His-tagged human Mps1Cat encoding amino acids 510-857 is generated. For kinase assays, 500 ng is added to buffer (25 mM Tris-HCl, pH 7.4, 100 mM NaCl, 50 μg/mL BSA, 0.1 mM EGTA, 0.1% β-mercaptoethanol, 10 mM MgCl2, and 0.5 μg/mL myelin basic protein), AZ3146, and 100 μM γ-[32P]ATP (2 μCi/assay). Reactions are incubated at 30°C for 20 min, spotted onto P81 paper, washed in 0.5% phosphoric acid, and immersed in acetone. Phosphate incorporation is determined by scintillation counting. For immunoprecipitation kinase assays, HeLa cells are treated with nocodazole for 14 h, mitotic cells isolated, washed in PBS, and lysed for 30 min in 50 mM Tris-HCl, pH 7.4, 100 mM NaCl, 0.5% NP-40, 5 mM EDTA, 5 mM EGTA, 40 mM β-glycerophosphate, 0.2 mM PMSF, 1 mM DTT, 1 mM sodium orthovanadate, 20 mM sodium fluoride, 1 μM okadaic acid, and complete EDTA-free protease inhibitor cocktail. Full-length Mps1 is immunoprecipitated. Purified complexes are washed with lysis buffer containing 100 mM NaCl and assayed as described for the recombinant protein. To quantify 32P incorporation, reactions are stopped with SDS sample buffer and separated by SDS-PAGE followed by phosphorimaging. The plate is analyzed using a phosphorimager using AIDA software. To assess the specificity of AZ3146, a single-point screen is carried using kinase profiling service. 50 kinases are selected and assayed with 1 μM AZ3146[1].

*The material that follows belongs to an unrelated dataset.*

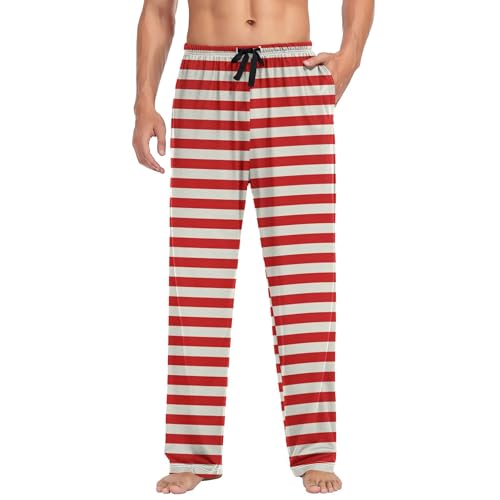 Men's Pajama Pants Sleep Long Pants,Lounge Bottoms with Elastic Waist, Nightwear Gifts for Men3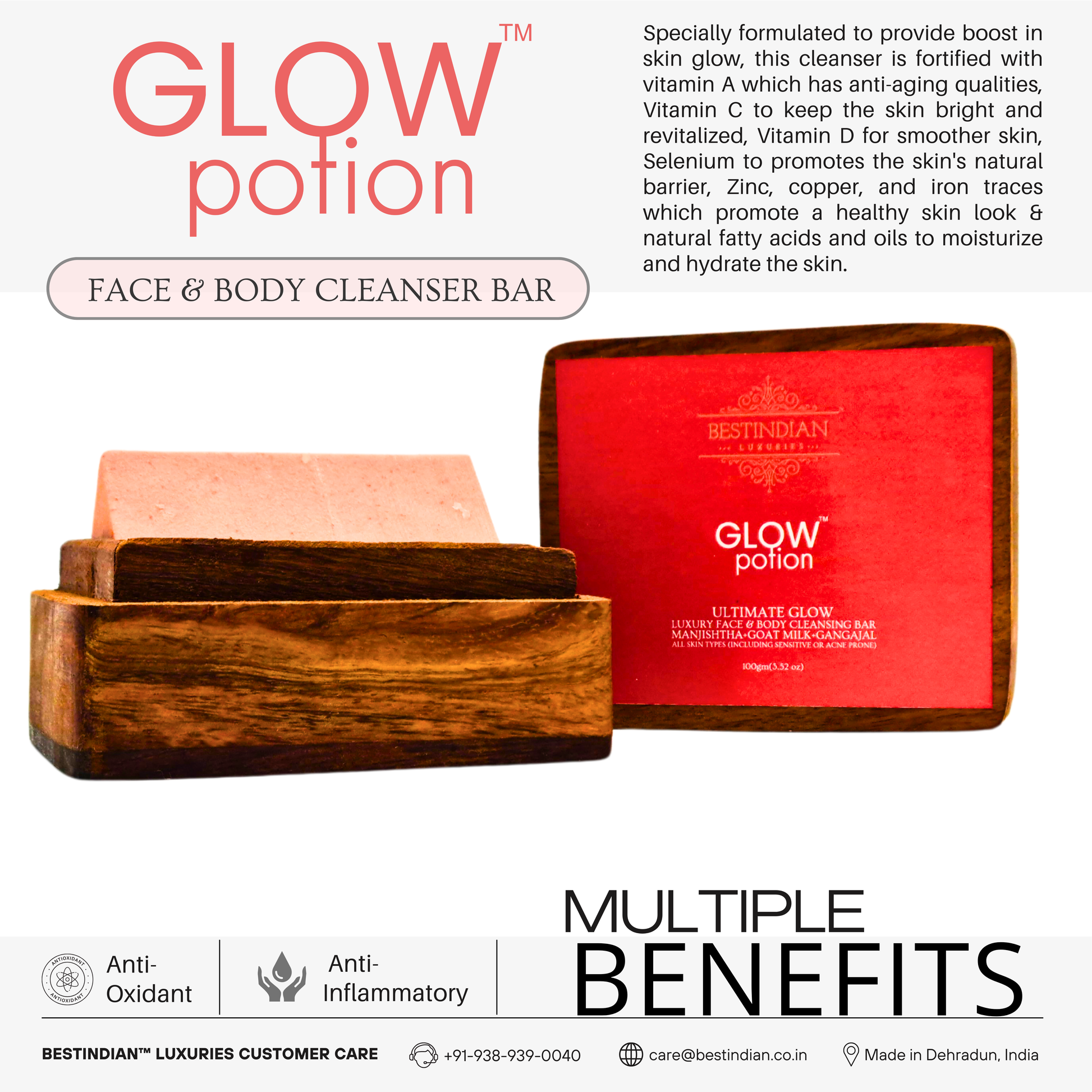 An infographic listing the multiple benefits of Glow Potion soap for skin glow, including anti-aging vitamins and skin-protecting minerals.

AZ3146 is disolved in DMSO (100 mM) and diluted into 100 μM, 10 μM, 1 μM and 0.1 μM sequentially with DMEM containing 10% FBS before use[2]. The TTK inhibitor AZ3146 is disolved in DMSO at a concentration in 100 mM and diluted into 100 μM, 10 μM, 1 μM and 0.1 μM sequentially with DMEM containing 10% FBS before use. In vitrocytotoxicity assays are performed. HCC cells are plated into 96-well plates at the density of 3×103 per well. AZ3146 is added in the indicated concentrations the next day. The inhibitor treated cells are cultured and tested at a 24-hour intervals for 3-4 days using CCK-8[2].